TO DO
With the first line as the start and the line containing "Trafalgar Square, London" as the end, write out every line of the records exactly.

GIVEN INFORMATION
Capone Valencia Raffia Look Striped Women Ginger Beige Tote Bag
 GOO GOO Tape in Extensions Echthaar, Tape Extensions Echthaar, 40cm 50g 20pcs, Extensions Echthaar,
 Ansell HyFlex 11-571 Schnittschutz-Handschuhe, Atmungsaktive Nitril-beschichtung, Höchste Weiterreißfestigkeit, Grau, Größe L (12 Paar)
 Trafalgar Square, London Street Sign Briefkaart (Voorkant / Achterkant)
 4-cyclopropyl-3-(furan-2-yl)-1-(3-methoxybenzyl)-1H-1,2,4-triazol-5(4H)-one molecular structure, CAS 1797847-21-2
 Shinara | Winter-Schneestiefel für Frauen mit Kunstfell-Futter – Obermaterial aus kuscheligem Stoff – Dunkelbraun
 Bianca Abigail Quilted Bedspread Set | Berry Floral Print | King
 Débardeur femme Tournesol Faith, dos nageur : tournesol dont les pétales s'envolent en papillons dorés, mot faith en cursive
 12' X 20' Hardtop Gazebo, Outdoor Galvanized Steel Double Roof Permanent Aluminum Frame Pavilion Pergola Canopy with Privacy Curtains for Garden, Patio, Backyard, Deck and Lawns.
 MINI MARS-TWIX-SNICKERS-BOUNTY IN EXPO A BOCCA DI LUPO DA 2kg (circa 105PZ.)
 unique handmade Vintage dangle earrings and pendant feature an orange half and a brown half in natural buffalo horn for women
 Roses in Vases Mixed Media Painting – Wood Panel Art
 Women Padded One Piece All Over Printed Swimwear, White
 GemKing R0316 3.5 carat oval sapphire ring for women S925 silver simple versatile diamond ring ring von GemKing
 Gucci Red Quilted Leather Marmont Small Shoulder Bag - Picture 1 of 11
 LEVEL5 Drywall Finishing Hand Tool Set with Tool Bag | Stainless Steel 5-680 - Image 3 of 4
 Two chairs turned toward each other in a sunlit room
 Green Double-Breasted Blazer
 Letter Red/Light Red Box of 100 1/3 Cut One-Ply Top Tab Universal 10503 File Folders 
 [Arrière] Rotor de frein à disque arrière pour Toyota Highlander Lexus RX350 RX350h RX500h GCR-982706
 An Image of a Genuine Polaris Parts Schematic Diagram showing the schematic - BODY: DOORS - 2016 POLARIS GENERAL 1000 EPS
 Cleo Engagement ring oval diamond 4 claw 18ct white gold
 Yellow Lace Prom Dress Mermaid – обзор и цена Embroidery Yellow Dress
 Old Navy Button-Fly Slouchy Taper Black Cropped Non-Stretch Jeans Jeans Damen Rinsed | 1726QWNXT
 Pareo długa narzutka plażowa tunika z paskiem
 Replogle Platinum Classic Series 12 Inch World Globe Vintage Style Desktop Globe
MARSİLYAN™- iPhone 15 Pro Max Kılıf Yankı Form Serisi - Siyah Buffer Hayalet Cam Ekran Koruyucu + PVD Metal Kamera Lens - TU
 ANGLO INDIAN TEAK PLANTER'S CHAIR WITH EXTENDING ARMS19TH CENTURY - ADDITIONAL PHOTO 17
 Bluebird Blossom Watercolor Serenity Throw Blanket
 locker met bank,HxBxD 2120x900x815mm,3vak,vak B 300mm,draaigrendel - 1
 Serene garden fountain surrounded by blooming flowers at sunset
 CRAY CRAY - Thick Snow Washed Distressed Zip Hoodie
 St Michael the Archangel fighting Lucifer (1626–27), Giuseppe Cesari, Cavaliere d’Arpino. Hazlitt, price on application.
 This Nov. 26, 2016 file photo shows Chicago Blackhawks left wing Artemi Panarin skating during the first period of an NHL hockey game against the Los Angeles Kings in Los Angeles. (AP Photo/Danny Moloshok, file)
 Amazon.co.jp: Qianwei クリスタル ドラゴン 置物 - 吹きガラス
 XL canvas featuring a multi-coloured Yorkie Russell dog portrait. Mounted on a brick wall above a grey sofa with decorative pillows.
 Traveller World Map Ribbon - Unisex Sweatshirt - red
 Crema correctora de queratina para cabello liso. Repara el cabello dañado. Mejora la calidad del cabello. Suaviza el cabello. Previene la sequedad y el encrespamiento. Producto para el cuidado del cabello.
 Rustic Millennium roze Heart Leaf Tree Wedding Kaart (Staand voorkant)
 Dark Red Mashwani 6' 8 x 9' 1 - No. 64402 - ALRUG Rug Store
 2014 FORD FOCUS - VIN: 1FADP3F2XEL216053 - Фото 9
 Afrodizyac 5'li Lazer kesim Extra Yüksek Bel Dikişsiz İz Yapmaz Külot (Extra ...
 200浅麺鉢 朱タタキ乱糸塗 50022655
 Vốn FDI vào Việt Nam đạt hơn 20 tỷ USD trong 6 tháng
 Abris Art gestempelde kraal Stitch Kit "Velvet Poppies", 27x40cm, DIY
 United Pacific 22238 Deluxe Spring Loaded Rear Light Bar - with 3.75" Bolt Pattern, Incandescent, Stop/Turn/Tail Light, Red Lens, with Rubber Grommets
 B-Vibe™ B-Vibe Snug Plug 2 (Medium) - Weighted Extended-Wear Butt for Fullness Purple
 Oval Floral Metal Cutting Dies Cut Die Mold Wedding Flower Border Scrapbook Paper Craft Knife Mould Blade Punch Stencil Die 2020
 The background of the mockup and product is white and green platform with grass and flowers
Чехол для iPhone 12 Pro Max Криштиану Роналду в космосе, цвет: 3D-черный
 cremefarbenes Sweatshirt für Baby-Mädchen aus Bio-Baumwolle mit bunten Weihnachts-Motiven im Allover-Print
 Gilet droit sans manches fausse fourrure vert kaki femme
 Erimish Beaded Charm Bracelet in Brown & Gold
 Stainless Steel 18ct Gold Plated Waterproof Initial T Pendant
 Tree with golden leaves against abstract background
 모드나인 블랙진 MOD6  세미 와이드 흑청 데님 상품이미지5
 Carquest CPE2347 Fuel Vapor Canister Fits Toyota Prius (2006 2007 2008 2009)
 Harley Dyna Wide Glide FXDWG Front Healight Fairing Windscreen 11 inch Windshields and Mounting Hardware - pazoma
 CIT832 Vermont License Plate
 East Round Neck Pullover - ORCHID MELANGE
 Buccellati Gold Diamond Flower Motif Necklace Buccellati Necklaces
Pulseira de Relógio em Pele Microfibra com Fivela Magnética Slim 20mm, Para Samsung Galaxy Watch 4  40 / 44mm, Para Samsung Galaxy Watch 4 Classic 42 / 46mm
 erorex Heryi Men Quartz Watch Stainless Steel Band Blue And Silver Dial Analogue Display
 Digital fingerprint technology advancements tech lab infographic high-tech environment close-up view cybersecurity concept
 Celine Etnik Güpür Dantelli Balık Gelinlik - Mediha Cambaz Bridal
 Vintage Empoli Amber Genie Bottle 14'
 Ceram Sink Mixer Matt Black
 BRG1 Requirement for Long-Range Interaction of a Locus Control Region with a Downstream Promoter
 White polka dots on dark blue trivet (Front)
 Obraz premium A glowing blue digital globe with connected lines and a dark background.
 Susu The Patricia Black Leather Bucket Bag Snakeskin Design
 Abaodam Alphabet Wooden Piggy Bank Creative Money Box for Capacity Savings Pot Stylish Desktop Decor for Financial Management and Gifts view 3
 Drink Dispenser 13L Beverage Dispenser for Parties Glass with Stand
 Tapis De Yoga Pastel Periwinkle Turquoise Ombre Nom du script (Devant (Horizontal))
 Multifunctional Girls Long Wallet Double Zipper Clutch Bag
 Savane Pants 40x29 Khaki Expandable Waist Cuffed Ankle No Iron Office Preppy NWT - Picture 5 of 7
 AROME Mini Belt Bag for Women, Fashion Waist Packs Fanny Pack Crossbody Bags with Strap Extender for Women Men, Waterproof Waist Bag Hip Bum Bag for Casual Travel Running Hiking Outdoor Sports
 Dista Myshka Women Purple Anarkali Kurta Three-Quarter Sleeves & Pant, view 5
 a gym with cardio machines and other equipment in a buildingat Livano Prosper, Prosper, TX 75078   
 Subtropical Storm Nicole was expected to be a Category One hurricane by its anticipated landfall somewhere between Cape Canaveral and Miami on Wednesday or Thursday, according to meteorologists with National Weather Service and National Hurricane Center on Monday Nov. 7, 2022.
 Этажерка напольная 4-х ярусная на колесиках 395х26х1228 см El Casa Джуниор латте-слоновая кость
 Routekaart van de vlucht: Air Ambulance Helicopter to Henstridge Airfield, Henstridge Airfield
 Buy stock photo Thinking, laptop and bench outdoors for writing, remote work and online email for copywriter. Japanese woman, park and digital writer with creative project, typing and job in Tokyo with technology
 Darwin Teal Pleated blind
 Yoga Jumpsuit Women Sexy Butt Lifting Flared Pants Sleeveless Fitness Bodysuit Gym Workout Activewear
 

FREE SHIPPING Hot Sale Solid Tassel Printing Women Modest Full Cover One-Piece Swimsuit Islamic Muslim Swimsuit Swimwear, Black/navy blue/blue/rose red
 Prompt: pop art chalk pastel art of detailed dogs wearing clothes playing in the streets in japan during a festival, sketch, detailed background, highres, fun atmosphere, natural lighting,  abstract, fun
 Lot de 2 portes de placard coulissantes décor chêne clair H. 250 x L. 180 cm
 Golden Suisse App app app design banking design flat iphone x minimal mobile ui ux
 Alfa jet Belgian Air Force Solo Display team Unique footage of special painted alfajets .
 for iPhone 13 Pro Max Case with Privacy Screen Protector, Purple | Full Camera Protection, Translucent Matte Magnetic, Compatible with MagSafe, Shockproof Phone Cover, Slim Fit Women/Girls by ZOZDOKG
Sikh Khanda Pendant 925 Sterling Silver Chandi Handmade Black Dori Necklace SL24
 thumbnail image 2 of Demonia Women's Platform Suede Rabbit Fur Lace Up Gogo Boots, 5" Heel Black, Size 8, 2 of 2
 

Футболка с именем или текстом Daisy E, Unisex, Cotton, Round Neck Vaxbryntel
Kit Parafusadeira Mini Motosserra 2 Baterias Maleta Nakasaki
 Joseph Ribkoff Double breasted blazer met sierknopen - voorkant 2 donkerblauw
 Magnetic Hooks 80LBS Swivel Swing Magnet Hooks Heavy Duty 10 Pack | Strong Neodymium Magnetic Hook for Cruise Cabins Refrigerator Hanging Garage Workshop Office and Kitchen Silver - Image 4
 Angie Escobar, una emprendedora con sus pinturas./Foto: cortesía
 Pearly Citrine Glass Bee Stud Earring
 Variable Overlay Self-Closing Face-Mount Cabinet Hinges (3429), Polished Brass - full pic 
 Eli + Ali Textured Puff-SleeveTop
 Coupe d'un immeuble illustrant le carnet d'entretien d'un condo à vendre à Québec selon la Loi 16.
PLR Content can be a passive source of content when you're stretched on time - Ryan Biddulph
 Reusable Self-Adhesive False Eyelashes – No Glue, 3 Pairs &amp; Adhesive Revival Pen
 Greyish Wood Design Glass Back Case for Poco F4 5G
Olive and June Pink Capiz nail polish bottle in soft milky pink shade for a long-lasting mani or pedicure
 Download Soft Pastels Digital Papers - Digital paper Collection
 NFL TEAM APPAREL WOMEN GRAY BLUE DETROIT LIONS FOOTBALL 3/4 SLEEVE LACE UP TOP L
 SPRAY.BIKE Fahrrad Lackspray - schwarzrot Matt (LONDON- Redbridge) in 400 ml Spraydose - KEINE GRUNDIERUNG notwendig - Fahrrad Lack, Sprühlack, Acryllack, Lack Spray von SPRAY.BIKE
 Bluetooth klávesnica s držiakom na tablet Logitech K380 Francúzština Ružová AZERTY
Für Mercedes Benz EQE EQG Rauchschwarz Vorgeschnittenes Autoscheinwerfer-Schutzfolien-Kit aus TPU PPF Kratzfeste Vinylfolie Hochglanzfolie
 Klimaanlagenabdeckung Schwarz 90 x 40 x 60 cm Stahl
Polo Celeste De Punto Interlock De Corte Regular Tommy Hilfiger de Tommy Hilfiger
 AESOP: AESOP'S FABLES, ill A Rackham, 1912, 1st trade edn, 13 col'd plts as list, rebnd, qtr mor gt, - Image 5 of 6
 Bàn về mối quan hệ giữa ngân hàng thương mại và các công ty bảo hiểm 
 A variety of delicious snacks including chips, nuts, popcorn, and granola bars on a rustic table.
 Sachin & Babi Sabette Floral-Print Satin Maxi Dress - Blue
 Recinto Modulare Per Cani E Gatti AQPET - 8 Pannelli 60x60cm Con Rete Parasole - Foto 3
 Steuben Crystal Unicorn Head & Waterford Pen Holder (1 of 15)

SOLUTION
Capone Valencia Raffia Look Striped Women Ginger Beige Tote Bag
 GOO GOO Tape in Extensions Echthaar, Tape Extensions Echthaar, 40cm 50g 20pcs, Extensions Echthaar,
 Ansell HyFlex 11-571 Schnittschutz-Handschuhe, Atmungsaktive Nitril-beschichtung, Höchste Weiterreißfestigkeit, Grau, Größe L (12 Paar)
 Trafalgar Square, London Street Sign Briefkaart (Voorkant / Achterkant)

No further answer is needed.